(Records from a collection)
-- -- --
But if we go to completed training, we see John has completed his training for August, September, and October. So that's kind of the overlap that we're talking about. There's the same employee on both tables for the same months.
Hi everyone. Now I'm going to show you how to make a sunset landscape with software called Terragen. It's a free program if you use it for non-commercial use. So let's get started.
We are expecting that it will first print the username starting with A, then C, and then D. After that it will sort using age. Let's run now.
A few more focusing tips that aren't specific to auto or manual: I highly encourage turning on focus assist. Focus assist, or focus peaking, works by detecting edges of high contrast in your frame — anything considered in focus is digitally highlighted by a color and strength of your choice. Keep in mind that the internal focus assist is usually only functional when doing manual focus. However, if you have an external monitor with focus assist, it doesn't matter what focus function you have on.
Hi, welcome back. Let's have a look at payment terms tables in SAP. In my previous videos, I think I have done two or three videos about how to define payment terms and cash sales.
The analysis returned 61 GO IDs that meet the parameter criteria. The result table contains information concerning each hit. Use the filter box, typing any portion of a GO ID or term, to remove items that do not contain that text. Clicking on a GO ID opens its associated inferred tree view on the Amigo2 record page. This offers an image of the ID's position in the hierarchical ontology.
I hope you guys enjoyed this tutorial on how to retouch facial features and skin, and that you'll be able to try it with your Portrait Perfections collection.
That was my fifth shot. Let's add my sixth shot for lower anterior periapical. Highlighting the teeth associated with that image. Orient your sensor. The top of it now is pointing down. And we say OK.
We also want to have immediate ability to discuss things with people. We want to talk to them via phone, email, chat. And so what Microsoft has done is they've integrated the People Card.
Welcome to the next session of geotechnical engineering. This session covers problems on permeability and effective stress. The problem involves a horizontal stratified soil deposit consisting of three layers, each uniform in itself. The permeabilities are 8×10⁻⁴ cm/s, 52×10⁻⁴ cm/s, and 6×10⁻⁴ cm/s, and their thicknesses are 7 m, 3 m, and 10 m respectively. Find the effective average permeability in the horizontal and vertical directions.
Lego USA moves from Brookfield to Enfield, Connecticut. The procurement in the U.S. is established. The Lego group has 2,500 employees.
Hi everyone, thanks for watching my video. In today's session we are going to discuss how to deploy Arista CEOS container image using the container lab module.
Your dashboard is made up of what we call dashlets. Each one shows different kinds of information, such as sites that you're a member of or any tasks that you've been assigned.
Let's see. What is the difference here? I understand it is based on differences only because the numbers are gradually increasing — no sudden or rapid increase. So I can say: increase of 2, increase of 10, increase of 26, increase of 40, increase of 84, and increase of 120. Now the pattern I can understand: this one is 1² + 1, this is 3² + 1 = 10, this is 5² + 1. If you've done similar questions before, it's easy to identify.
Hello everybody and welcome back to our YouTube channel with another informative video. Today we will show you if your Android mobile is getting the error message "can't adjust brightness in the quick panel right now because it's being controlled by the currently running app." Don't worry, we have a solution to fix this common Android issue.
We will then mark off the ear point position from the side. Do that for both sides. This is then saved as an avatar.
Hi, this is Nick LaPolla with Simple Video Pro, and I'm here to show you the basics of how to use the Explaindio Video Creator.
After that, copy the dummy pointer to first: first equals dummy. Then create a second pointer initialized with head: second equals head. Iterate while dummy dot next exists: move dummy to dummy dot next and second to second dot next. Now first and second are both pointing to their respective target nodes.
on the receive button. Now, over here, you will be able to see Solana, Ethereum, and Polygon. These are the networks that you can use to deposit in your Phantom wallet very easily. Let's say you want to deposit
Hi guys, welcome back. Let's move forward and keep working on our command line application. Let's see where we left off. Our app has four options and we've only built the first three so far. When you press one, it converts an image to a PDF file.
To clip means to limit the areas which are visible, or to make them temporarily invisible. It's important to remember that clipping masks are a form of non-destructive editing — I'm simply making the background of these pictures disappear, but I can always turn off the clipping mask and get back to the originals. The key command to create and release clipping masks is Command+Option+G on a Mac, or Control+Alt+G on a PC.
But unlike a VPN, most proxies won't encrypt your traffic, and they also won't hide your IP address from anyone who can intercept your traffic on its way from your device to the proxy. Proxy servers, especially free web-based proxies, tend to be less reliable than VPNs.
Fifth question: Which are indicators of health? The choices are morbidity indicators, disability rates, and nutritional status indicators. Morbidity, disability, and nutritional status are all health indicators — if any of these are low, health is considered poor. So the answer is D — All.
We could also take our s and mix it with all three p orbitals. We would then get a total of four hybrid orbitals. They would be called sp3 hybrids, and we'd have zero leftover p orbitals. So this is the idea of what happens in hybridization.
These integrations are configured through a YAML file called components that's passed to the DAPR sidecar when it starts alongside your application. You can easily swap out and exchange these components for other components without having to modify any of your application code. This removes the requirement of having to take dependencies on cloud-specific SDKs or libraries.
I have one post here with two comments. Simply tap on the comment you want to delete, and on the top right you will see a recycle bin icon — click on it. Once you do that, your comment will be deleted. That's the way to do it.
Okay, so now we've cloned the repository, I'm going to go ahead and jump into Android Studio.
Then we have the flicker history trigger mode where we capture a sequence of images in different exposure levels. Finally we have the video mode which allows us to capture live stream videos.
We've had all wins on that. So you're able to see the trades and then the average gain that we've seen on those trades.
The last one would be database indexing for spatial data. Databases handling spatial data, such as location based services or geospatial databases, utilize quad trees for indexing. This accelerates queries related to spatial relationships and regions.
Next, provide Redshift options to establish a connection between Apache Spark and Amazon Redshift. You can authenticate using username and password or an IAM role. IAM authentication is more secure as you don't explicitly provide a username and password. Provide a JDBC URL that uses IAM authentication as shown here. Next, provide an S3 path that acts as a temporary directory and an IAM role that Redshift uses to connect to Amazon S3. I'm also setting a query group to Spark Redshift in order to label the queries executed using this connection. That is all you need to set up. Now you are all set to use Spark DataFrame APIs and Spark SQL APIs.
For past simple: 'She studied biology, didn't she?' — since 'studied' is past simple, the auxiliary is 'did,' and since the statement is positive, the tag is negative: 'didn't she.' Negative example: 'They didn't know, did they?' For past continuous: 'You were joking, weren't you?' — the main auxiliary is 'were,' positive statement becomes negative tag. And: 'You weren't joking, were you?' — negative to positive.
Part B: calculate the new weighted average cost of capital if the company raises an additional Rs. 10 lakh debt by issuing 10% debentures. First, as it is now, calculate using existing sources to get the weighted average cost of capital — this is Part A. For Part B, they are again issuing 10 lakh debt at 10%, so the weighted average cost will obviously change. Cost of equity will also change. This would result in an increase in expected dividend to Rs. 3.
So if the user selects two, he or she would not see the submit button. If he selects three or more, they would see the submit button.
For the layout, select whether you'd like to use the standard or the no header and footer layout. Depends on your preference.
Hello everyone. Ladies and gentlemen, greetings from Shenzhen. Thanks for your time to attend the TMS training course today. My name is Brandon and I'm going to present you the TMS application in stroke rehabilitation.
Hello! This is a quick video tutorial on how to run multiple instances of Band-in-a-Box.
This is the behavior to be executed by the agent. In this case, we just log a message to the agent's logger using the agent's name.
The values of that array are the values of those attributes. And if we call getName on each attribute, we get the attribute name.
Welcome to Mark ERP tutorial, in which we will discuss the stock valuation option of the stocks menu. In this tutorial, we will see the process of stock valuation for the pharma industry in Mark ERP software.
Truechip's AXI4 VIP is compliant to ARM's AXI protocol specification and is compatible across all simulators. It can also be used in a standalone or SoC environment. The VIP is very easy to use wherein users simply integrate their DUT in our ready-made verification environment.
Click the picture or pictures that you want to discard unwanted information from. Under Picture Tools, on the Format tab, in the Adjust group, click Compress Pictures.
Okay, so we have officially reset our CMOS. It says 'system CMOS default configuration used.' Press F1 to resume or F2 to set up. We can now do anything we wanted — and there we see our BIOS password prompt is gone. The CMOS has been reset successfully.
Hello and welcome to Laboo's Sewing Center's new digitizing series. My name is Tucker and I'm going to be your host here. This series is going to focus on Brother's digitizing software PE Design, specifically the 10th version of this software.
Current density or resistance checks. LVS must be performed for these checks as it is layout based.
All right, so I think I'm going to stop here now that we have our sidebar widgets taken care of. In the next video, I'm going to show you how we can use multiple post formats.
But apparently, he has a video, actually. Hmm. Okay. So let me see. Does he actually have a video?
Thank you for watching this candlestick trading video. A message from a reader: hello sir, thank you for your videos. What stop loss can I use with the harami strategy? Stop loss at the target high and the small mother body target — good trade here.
-- -- --
▸ **Exercise brief**
Only lines that hold the string "about" belong in the answer, so copy every one of them from the records.

▸ **Reply**
But if we go to completed training, we see John has completed his training for August, September, and October. So that's kind of the overlap that we're talking about. There's the same employee on both tables for the same months.
Hi, welcome back. Let's have a look at payment terms tables in SAP. In my previous videos, I think I have done two or three videos about how to define payment terms and cash sales.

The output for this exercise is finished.